G.S. 7A-34 authorizes the North Carolina Supreme Court to establish rules of practice and procedure for the District and Superior Courts “supplementary to, and not inconsistent with, acts of the General Assembly.” Among the rules adopted under this statutory authority is Rule 2 of the General Rules of Practice which, in pertinent part, provides:
Subject to the provisions of Rule 40(a), Rules of Civil Procedure and G.S. 7A-146:
(a) The Senior Resident Judge and Chief District Judge in each Judicial District shall be responsible for the calendaring of all civil cases and motions for trial or hearing in their respective jurisdictions. A case management plan for the calendaring of civil cases must be developed by the Senior Resident Judge and the Chief District Court Judge.

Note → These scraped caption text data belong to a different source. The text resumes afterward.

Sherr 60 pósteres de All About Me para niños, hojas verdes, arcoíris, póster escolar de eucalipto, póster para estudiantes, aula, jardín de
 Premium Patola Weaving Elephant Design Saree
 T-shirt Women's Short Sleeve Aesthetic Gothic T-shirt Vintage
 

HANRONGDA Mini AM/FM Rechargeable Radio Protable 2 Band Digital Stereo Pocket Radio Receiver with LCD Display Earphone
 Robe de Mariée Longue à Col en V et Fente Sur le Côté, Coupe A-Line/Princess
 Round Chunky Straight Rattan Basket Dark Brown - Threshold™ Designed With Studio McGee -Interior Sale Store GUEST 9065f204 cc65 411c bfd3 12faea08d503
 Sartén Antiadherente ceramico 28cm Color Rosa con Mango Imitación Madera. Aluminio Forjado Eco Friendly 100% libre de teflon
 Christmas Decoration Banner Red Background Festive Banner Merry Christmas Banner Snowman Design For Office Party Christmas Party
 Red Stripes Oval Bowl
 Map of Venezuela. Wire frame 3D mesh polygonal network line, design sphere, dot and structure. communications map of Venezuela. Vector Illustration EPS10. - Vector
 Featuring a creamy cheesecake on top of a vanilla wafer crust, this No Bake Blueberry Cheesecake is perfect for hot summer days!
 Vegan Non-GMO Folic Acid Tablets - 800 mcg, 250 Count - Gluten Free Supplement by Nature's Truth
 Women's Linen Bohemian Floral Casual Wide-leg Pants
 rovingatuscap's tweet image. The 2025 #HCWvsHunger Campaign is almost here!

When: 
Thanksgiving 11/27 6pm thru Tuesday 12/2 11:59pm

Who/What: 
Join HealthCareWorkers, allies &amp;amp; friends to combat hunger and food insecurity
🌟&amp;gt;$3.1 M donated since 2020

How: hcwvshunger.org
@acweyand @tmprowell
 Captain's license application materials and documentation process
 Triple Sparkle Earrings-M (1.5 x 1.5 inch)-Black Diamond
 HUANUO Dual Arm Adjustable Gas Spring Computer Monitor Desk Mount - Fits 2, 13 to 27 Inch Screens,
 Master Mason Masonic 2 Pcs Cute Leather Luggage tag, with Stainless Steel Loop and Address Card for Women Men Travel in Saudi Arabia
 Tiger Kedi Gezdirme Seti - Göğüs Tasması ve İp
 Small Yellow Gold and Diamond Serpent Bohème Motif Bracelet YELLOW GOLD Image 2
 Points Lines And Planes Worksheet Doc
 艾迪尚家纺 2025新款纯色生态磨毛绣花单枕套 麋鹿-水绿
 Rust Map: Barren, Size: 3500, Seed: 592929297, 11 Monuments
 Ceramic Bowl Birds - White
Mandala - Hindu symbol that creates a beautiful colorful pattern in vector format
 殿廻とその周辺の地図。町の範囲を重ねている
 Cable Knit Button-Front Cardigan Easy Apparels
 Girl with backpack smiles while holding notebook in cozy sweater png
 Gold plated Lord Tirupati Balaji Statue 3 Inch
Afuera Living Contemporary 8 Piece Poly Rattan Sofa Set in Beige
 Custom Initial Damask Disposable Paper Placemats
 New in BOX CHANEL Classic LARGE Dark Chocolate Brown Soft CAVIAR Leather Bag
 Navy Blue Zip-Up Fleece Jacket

The case management plan developed by the Chief District Judge of the Twenty-First Judicial District apparently provides for periodically putting all cases that have been at issue for a few months on a clean-up calendar; dismissing those cases in which neither the plaintiff nor his counsel either appears at the call of the clean-up calendar or writes a letter ahead of time stating whether the cases are ready for trial, and if not, why; and putting the reported cases on a ready calendar, from which later trial calendars are drawn. And the record shows that plaintiffs case was routinely dismissed on the court’s own motion, as the calen*105dar notice stated would happen, when neither plaintiff nor his new counsel either appeared at the call of the clean-up calendar or advised the court ahead of time in writing what the status of the case was. We do not believe that the court was empowered to dismiss plaintiffs case under the circumstances recorded.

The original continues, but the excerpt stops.